Amusement is not my usual reaction to bad things being said about my country, but sometimes the criticisms are so ridiculous and silly, I can’t help myself.

Consider the Globe and Mail article, “U.S. Group Wants Canada Blacklisted Over Piracy.”

The U.S. group in question is the International Intellectual Property Alliance. The Globe article correctly calls them a U.S. organization despite their name. Checking the IIPA’s web page, they call themselves a group of U.S.-based companies. Fair enough. Now it’s more clear where the criticisms originate. The suggestion of blacklisting from the country with the most draconian intellectual property laws might even be considered a good thing because the foundation of the criticism is that we haven’t enacted legislation to make our laws equally draconian.

I’m not saying Canada is a picture of perfection.
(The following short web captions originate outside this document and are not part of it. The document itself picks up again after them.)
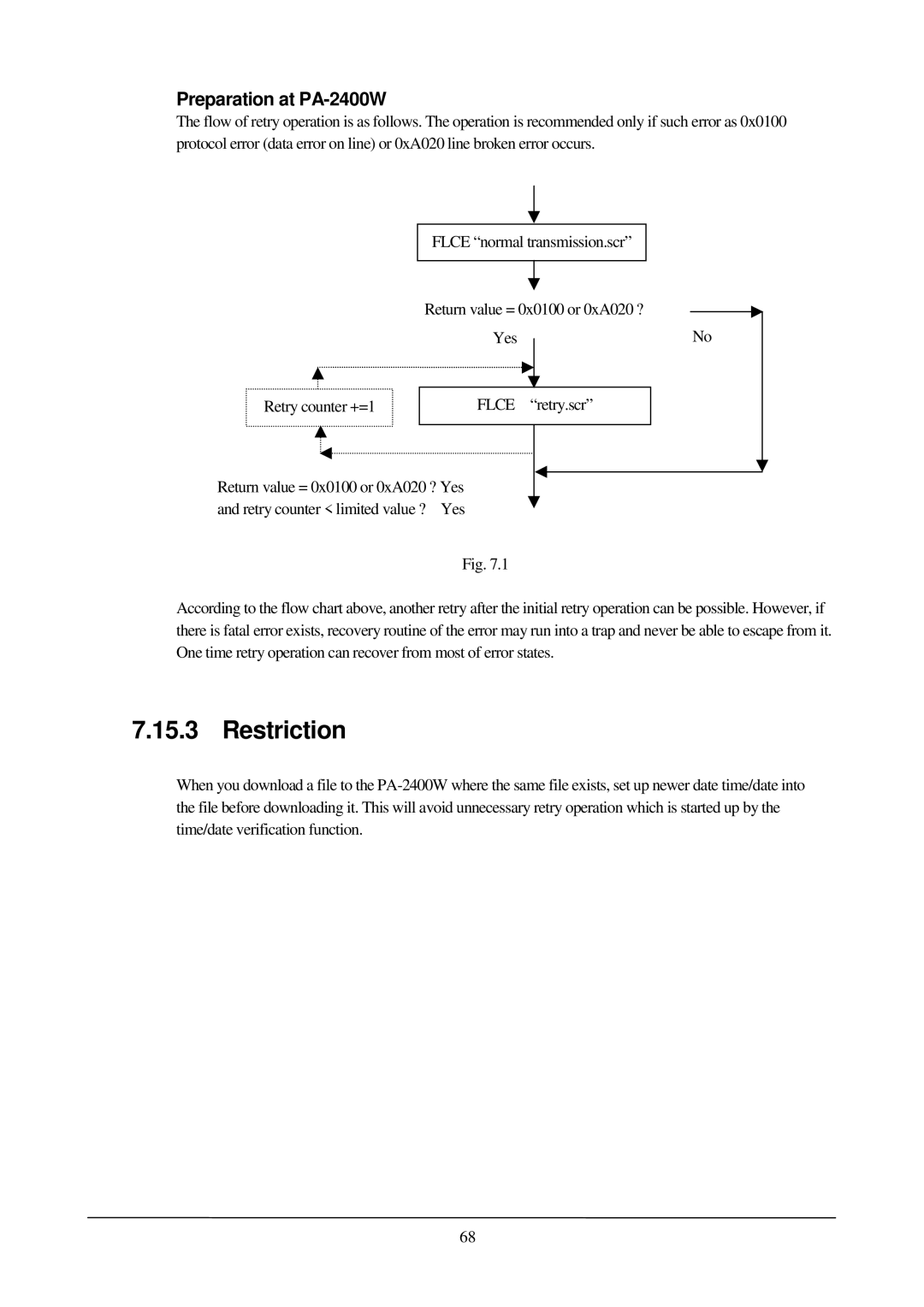 Casio manual Restriction, Preparation at PA-2400W, Retry.scr 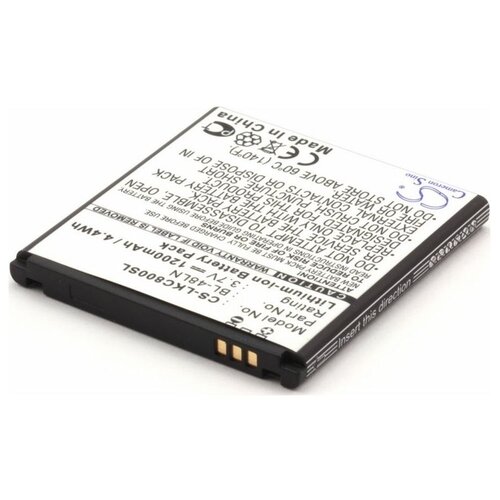 фото Аккумулятор для телефонов lg optimus 3d max, 1200mah cameron sino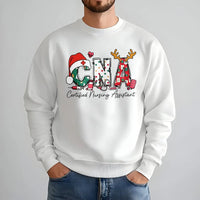 Certified Nursing Assistant Holiday Sweater, CNA Christmas Sweatshirt, Festive CNA Nurse Crewneck, Healthcare Worker Xmas Present Pullover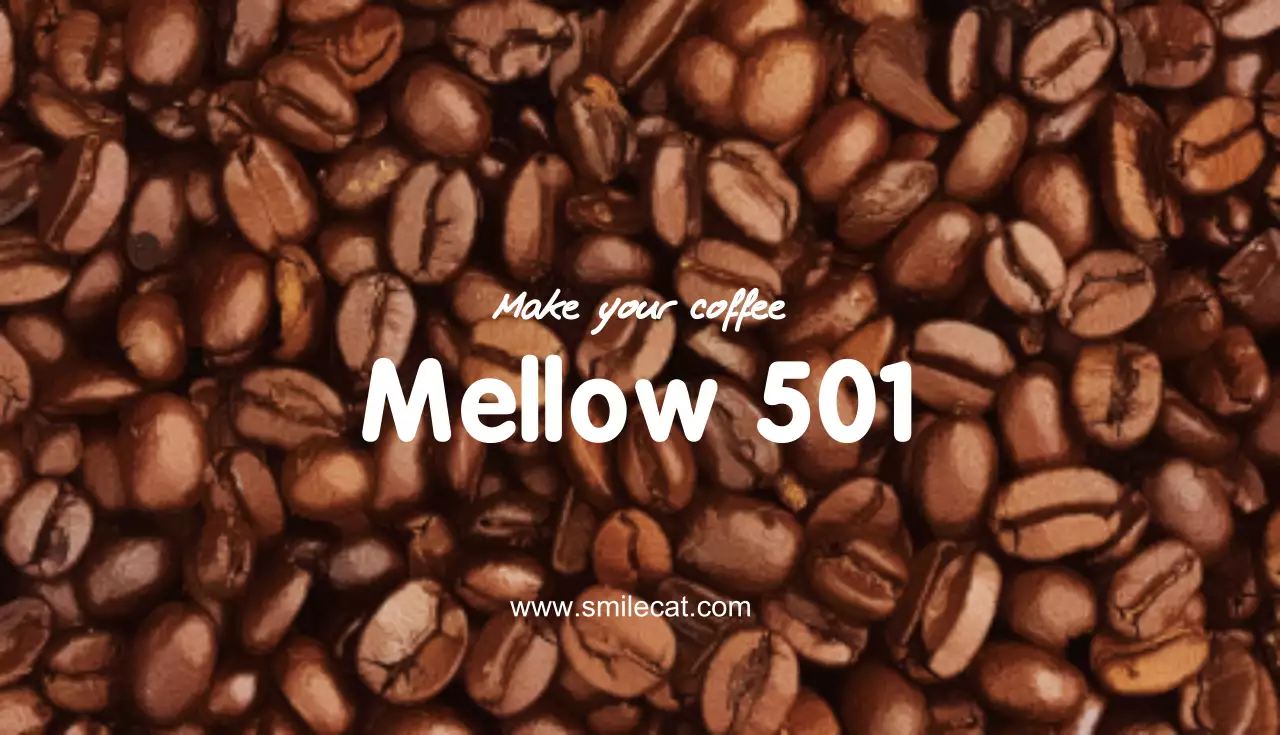 베이지색의 원두 사진이 있는 커피 바리스타 명함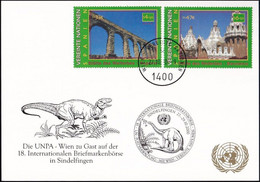 UNO WIEN 2000 Mi-Nr. 221 WEISSE KARTE - INT. BRIEFMARKENBÖRSE SINDELFINGEN 27.10.2000 - Covers & Documents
No, things can certainly be improved, but reading the IIPA’s priority watch list entry about Canada reminds me a great deal of the over-the-top propaganda of the RIAA. Indeed, much like RIAA releases, the report attempts a heavy-handed influence by repeated phrases like, “Canada remains far behind virtually all its peers in the industrialized world with respect to its efforts to bring its copyright laws up to date with the realities of the global digital networked environment.”

The problem with such a phrase is it involves many assumptions. The most obvious is that our rejection of laws allowing the content providers to do whatever they please is somehow remaining far behind. Another big assumption they try to slide by is ‘the realities of the global digital networked environment’ requiring laws that carry more jail time for circumventing DRM than for crimes of far more significance. Seriously, if I copy the music to my portable music player from a copy-protected CD that I’ve bought, should I really go to jail, or settle and pay thousands of dollars? If legislation like this is what the IIPA considers cutting-edge and up to date, I’ll happily stay far behind.

I don’t advocate unlimited copying, we need a balance between the creators of the content and those who consume it. Perhaps doubly ironic is the record companies aren’t part of either of these groups, and many music artists disagree with their heavy-handed treatment of the public.

For goodness sakes, would fair treatment spawn web sites like RIAA Radar? Those sick and tired of the RIAA’s antics can use the site to find if an RIAA member is responsible for music they’re thinking about buying, and presumably reconsider.

Certainly artists deserve compensation for their work, but when the media companies treat their own customers like enemies, their customers will start acting like enemies. Regardless, we need an equitable balance. The media moguls would do well to remember they need the public more than the public needs them. Despite their rhetoric, they’re not about to stop selling their products to our 32 million people for this very reason.